== Segment start ==

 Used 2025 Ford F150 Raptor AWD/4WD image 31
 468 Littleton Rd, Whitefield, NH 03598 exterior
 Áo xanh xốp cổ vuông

== Segment end ==
== Segment start ==

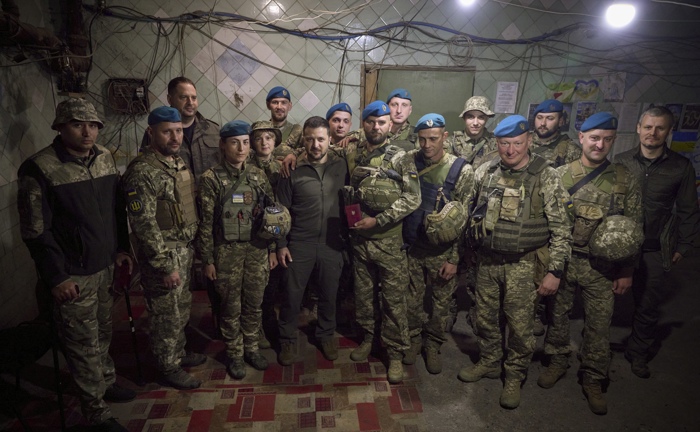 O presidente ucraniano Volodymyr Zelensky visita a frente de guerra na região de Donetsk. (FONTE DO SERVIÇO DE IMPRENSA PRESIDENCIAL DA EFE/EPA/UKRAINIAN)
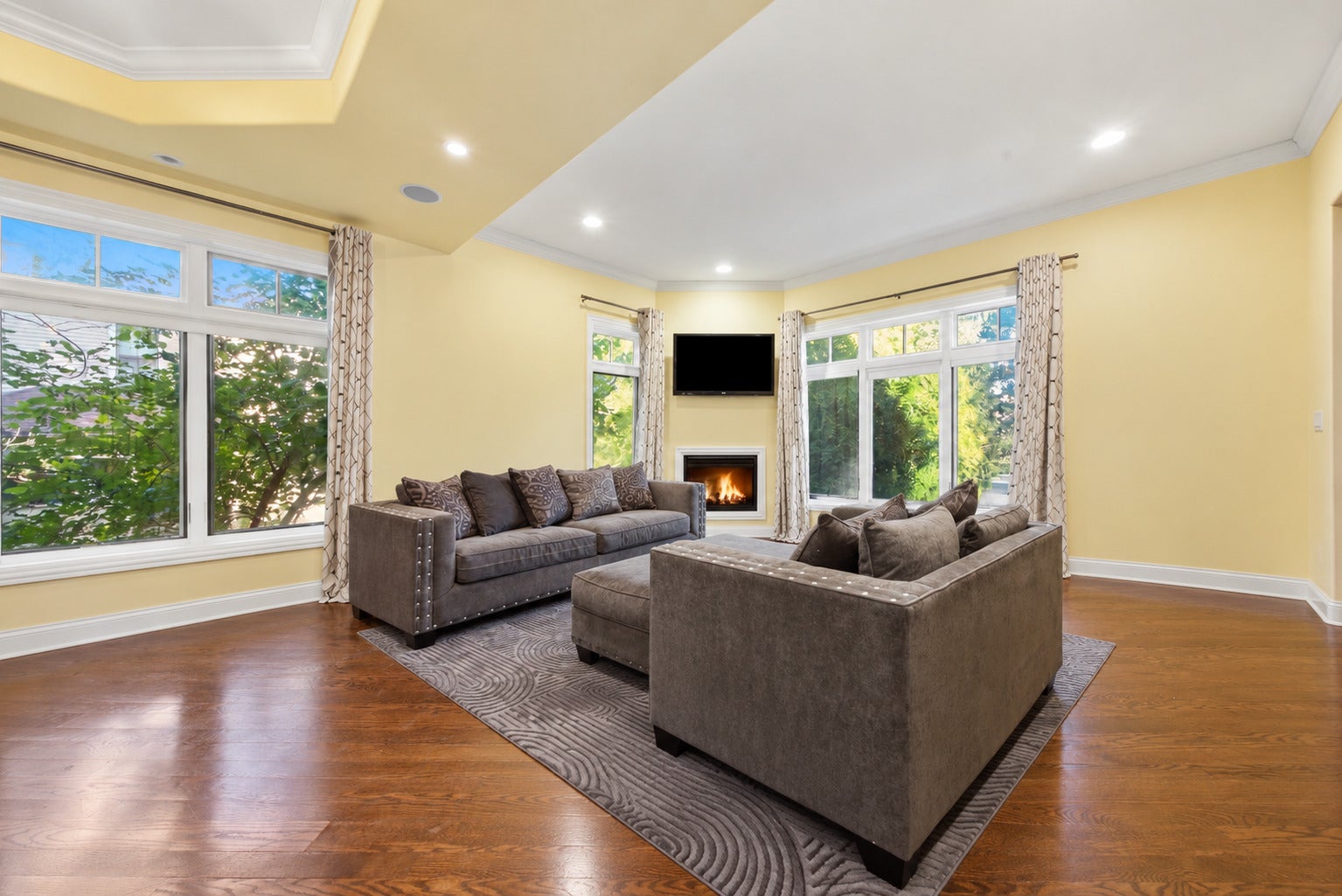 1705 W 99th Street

== Segment end ==

### Problem details
Set down again, word for word, the stretch of records from the line with "468 Littleton Rd, Whitefield, NH" to the line with "Áo xanh xốp cổ vuông", both of those lines included.

### Written answer
 468 Littleton Rd, Whitefield, NH 03598 exterior
 Áo xanh xốp cổ vuông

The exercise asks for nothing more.